* [Task brief] Please reproduce the listing in its entirety, exactly as shown.
◇ ◇ ◇
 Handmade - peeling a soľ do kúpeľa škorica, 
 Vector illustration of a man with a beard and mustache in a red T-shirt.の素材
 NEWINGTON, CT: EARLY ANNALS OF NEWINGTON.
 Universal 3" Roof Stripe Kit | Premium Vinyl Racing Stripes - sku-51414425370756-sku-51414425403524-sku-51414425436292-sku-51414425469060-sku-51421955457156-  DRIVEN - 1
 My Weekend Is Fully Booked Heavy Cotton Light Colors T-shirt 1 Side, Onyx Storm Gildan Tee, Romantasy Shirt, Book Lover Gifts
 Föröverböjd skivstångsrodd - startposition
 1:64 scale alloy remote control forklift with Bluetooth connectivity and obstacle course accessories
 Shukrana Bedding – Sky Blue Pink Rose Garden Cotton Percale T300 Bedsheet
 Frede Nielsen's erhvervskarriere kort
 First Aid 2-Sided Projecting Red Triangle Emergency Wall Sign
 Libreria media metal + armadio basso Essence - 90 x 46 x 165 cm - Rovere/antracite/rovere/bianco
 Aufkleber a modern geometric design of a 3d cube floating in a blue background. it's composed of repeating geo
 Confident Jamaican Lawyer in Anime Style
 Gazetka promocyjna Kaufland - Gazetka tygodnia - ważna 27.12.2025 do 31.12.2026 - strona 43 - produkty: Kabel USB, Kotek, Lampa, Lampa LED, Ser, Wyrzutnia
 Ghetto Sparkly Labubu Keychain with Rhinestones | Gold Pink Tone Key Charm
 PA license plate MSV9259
◇ ◇ ◇
* [Answer box]
 Handmade - peeling a soľ do kúpeľa škorica, 
 Vector illustration of a man with a beard and mustache in a red T-shirt.の素材
 NEWINGTON, CT: EARLY ANNALS OF NEWINGTON.
 Universal 3" Roof Stripe Kit | Premium Vinyl Racing Stripes - sku-51414425370756-sku-51414425403524-sku-51414425436292-sku-51414425469060-sku-51421955457156-  DRIVEN - 1
 My Weekend Is Fully Booked Heavy Cotton Light Colors T-shirt 1 Side, Onyx Storm Gildan Tee, Romantasy Shirt, Book Lover Gifts
 Föröverböjd skivstångsrodd - startposition
 1:64 scale alloy remote control forklift with Bluetooth connectivity and obstacle course accessories
 Shukrana Bedding – Sky Blue Pink Rose Garden Cotton Percale T300 Bedsheet
 Frede Nielsen's erhvervskarriere kort
 First Aid 2-Sided Projecting Red Triangle Emergency Wall Sign
 Libreria media metal + armadio basso Essence - 90 x 46 x 165 cm - Rovere/antracite/rovere/bianco
 Aufkleber a modern geometric design of a 3d cube floating in a blue background. it's composed of repeating geo
 Confident Jamaican Lawyer in Anime Style
 Gazetka promocyjna Kaufland - Gazetka tygodnia - ważna 27.12.2025 do 31.12.2026 - strona 43 - produkty: Kabel USB, Kotek, Lampa, Lampa LED, Ser, Wyrzutnia
 Ghetto Sparkly Labubu Keychain with Rhinestones | Gold Pink Tone Key Charm
 PA license plate MSV9259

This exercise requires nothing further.